第18話 「仲間」
校舎が元に戻る少し前。
「出井亜寧羅、スマホよこせ。」
「ああッ、それ持っていかれたら、空玲須くんが戻れなくなっちゃう...。」
「うるせえ、ウチが行くから大丈夫!」
パァン!
女鹿蘭は、必歩流帝を平手打ちします。
「テメェ...。」
「空玲須は、外のみんなを頼むって言った。
わたしも、あんたも、頼まれたことをやらなきゃ。」
必歩流帝は、横を向いてケッと言いました。そして、
「行くったら行くんだァッ!」
叫びながら校舎に突撃!
「そのまま行っても迷子になるよう!」
出井亜寧羅もスマホを手に後を追っていってしまいました。
校舎内は、空玲須が言ったとおり、真っ暗です。
「結局、オマエも来たんじゃねえか。」
必歩流帝は、女鹿蘭にグチります。
「...。」
三人は出井亜寧羅のスマホを頼りに空玲須の位置へ向かいます。通話はすでに切れています。多分、向こうのバッテリーが切れたのでしょう。

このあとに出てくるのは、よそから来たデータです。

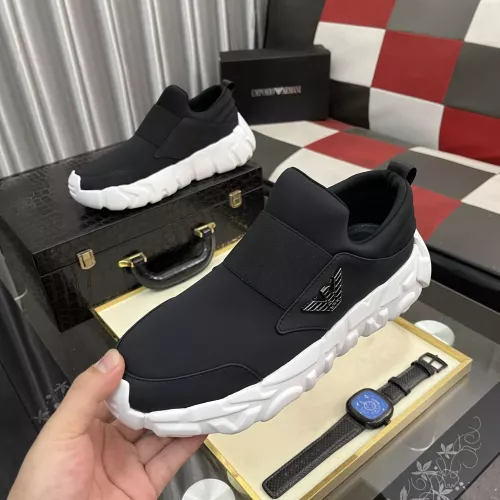 Armani Casual Shoes For Men #1347471 $85.00 USD, Wholesale Replica Armani Casual Shoes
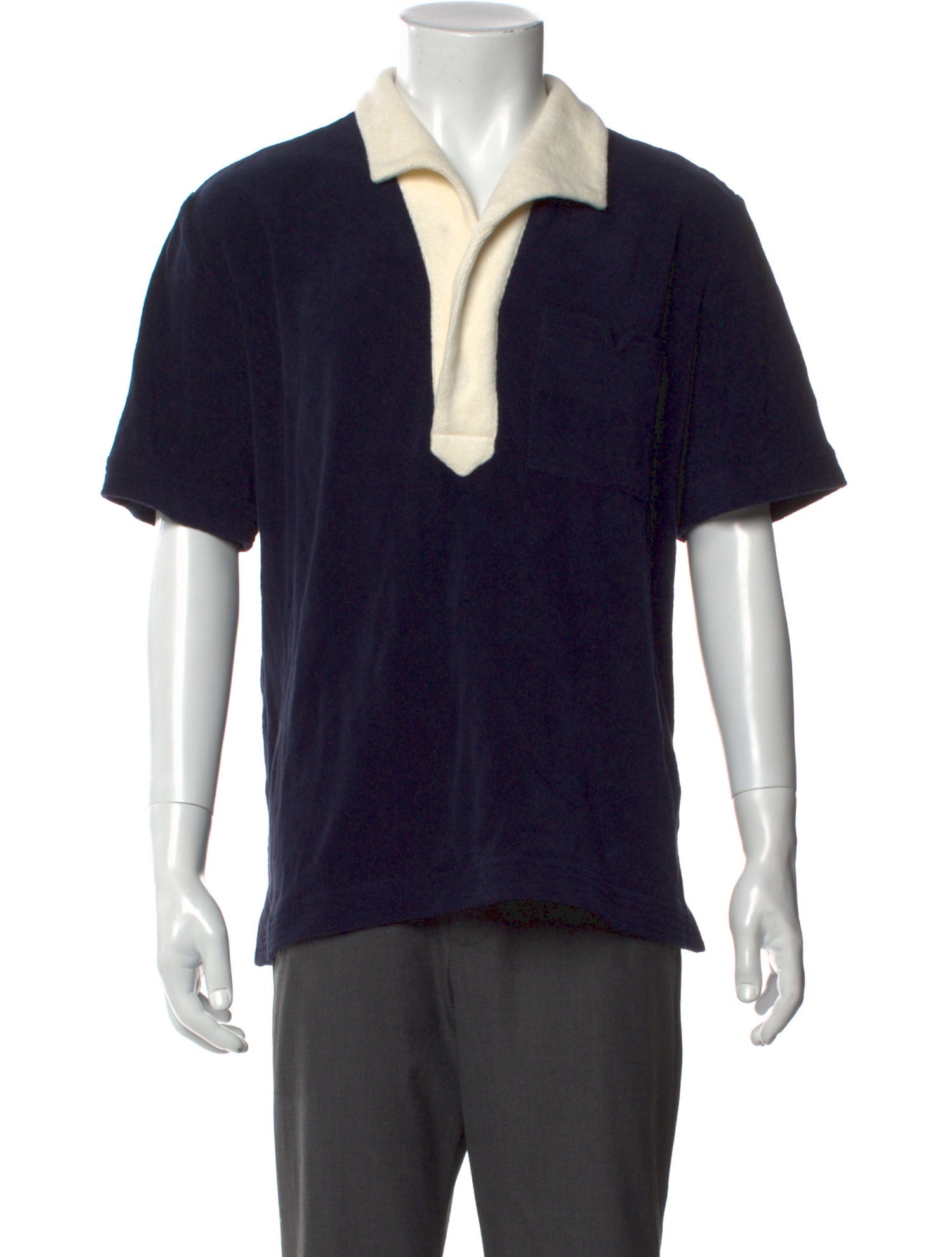 Tombolo V-Neck Short Sleeve Polo Shirt w/ Tags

と、そのとき、黒い影は校舎の床や壁、天井からさあっと引いていき、元通り明るくなりました。
三人は、二階の書道準備室に走りました。
「空玲須くん!」
書道教室前。トップで着いたのは出井亜寧羅です。
「無事で、よかった。返事してよねもう。」
必歩流帝が到着。砂埃で汚れた空玲須と、崩れた瓦礫を見て、察しました。
「結構、やられたな。大丈夫か?」
女鹿蘭は到着するなり、空玲須に突進。空玲須は、女鹿蘭を受け止めて支えます。
「...心配した。」
空玲須の胸に頭をつけて、下を向いたままそう言いました。ポタリと床に雫が落ちました。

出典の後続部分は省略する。